Speaking from the position of a guy that once got a direct hit in the eye with a drop of nitric acid (which popped out of a beaker as it was poured), be damned careful about not getting any NaOH in your eyes. 

It took but seconds for the surface of my eyeball to peel. It turned an ugly yellow color, then fell off. I feared I had done permanent damage. A quick trip to an ophthalmologist was very revealing. He informed me how fortunate I was (sure as hell didn't feel like it) having been exposed to nitric instead of lye. He said that when lye enters the human eye, one has but 15 seconds to prevent blindness. According to what he said, the human body can neutralize nitric fairly easily, which is not the case with lye. It continues to do damage until it has been totally consumed--which is far beyond the time it takes to blind an eye. 

Be very careful.

Harold

PS-----my eye turned out fine, although it did take several days.


----------



## loco

GSP!!!! Harold !!! or anyone that can HELP!! 
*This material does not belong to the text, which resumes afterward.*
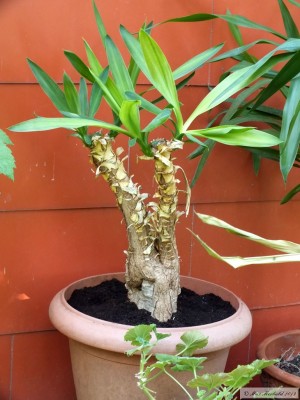 20150516_01.JPG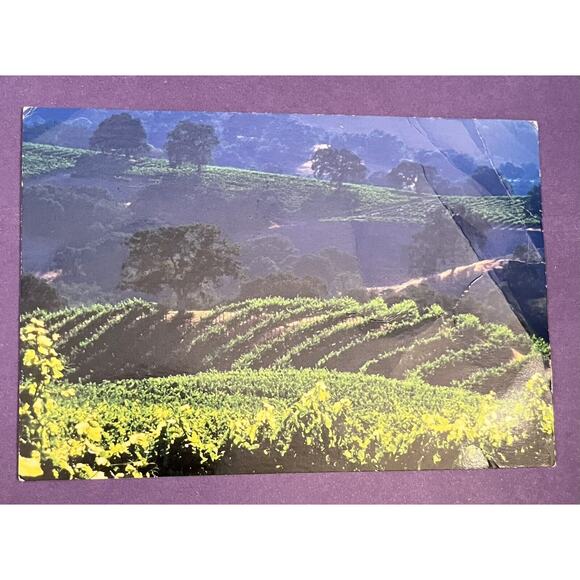 The Original Wine Country Gift Baskets Postcard Wine Vineyard Photo - Picture 1 of 2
I have come into some possible good luck today while at my day job (telecommunications contractor...mostly 2 way communication satellite systems IE: internet) I was talking to my customer who happens to be be in the X-Ray business and says he personally goes threw about 2 semi's loads worth of equipment monthly and knows 8 other guys that do the exact same as him. They have the scrap parts and so far don't do much with it from my understanding. They know it contains silver but not much else. I'm just courious if you might be able to help me see if this is indeed something I would like to wet my feet with. The help is GREATLY APPRECIATED!!

-Rich


----------



## Harold_V

Can't provide much input until you can identify the nature of the material. If it's plated, could be it wouldn't be worth messing with. Can you provide more information?

Harold


----------



## loco

ok found out some more info on it. appears the guys company works on a system called Pack or pac or paq or something like that. basicly from my understanding it is what they use to backup x-rays, on a regular basis, digitally. It has something to do with networking so gold may also be found in it. And today when the guy called me back he offered me a job. why?? especially when I told him my focus was I am making an effort to check out refining/recovery of pm's. anyone know anything about this system and why they need such regular serviceing. the gent said he's been doing it for the last 47 yrs.


----------



## Harold_V

Interesting, but totally lacking in information regards what you might expect in the way of metals. You need far more information before you can expect a helpful response, unless one of the readers has knowledge of the system you mentioned. I'm at a complete loss.

Harold


----------



## loco

ok sorry I don't know more. but I can clarify thanks to good ol' google it is called PACS or PAC system. the PACS returned the best results when I googled "x-ray+PACS" minus qoutes. not sure that helps any more but that is all I know so far.


----------



## goldsilverpro

From what I read, it sounds like PACS is a non-silver, digital x-ray system.


----------



## GeeDub

Hi GSP.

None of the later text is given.